Home › Forums › Short Online Seminars › East Asian Foodways Across Borders, Summer 2021 › Sept. 22 - Fast Foods across the Pacific
How did fast foods such as ramen, instant noodles, and Western-style chain restaurants transform fast food in both Asia and America?
Assignments
Right after posting this video, news came out that Hawker Chan lost his Michelin star. 🙁
https://mothership.sg/2021/09/michelin-guide-spore-star-revelation/
This week's video was thought-provoking and gave me several ideas for ways that I could discuss food ways with my students. I especially enjoyed the various video clips and think my students would enjoy them as well. One way that I could incorporate this information into my language arts course would be to have students examine the similarities and differences between the types of advertisements from different countries, including word choice, music, and photo/video arrangement. I think students would also enjoy examining a timeline of ads/commercials to see how they have changed over time.
I think my students would be most interested in examining the menu differences in different countries. I was able to quickly find a couple of different McDonald's menus (Korea, Japan). I could have students work in small groups and assign each group a menu from a different country. This could include a variety of activities from looking at the availability of seasonal items to completing math activities to explore how much these menu items would cost in the United States. I am curious to learn more about the mass production of the items served by McDonalds and the processes food scientists use to generate the recipes.
The aspect of food vending machines was also interesting and I could use the different types of food vending machines as the basis for a STEM lesson in which students would explore the mechanisms necessary to create and vend different foods and then have the students design a new vending machine to create and vend their favorite East Asian cuisine. This could also be very detailed as we discussed the importance of sanitation and the different temperatures at which foods needed to be kept to avoid spoilage.
One aspect that I look forward to discussing and learning more about this week is the similarities and differences in food trucks in different part of the world.
I was in Singapore for the summer of 2017, but never got to try Hawker Chan's stall. That's still a regret I have, but the lines were always crazy long.
In light of this weeks learning, I thought you all would be interested to see that Bibigo is now the official sponsor of the Lakers. https://www.nba.com/lakers/releases/lakers-and-bibigo-announce-multi-year-global-marketing-partnership-2021
I posted a lot on a previous week about the glocalization of globalization of "Western" and "Eastern" fast food restaurants such as Mos, Lotteria, McDonald's and more. As much as food is universal each takes their own interpretation due to local ingredients/tastes and more.
I was really taken by the idea that initially ramen shops were not locations that were "respectable" places for women to visit. Women's relationship with food is such an interesting one. Gender norms place the responsibility of cooking at home on women while professional kitchens tend to be male dominated spaces.

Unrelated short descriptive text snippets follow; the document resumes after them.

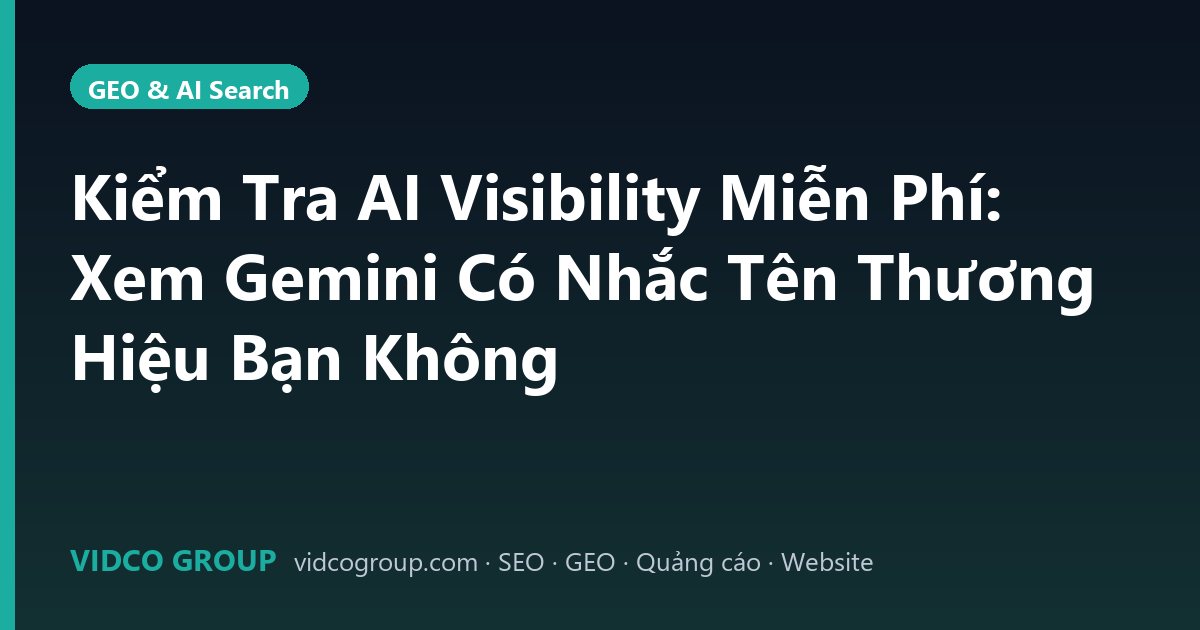 Kiểm Tra AI Visibility Miễn Phí: Xem Gemini Có Nhắc Tên Thương Hiệu Bạn Không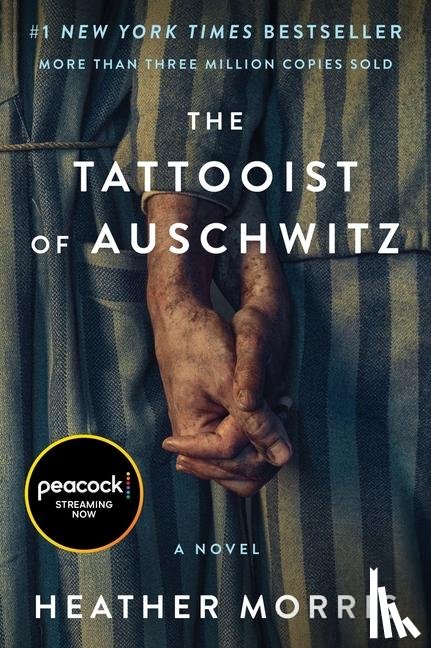 Morris, Heather - Morris, H: Tattooist of Auschwitz [Movie-Tie-In]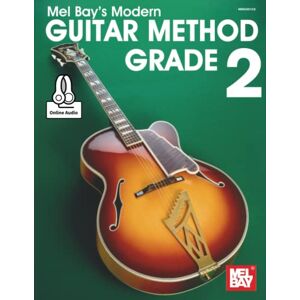 Bay, Mel Mel Modern Guitar Method Grade 2 Bay, Mel Mel Modern Guitar Method Grade 2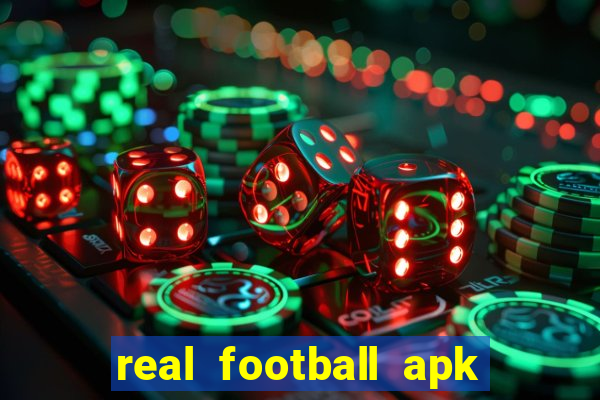 real football apk dinheiro infinito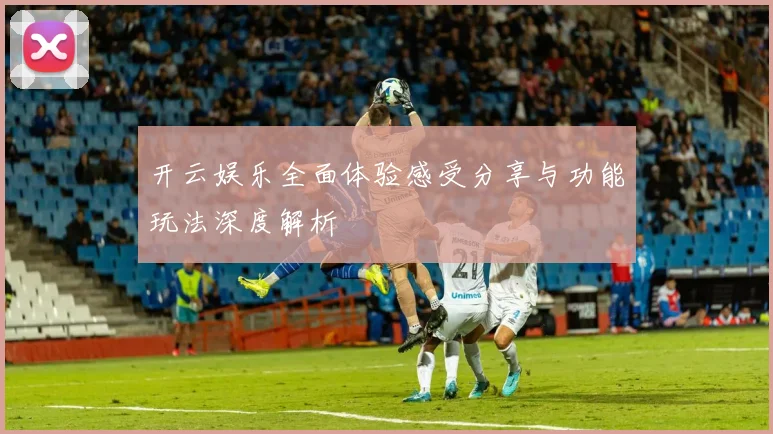 开云娱乐全面体验感受分享与功能玩法深度解析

I really loved the info graphics from this weeks lecture I can see using them with students as a way to analyze stats and media literacy
I wonder if there's a Bibigo in Staples Center.
Can you believe that when I first started traveling abroad, I purposefully did not go to McDonald's because my thought was--"I can have that at home. Then once, on a particularly long trip, I was a bit homesick, and I went to McD's to get some Coke with ice. What I discovered was McDonald's really has many things to offer which are different from home--sometimes, very different.
I started using the corporate site to teach about cultural diffusion. The students absolutely loved using the site to find foods they thought were "crazy" from other counties. We had some in-depth discussions about why different dishes were available in different countries. For example, my students often highlight one that was also highlighted in the video--the offering of very little beef in India. But they also find many other interesting cultural connections.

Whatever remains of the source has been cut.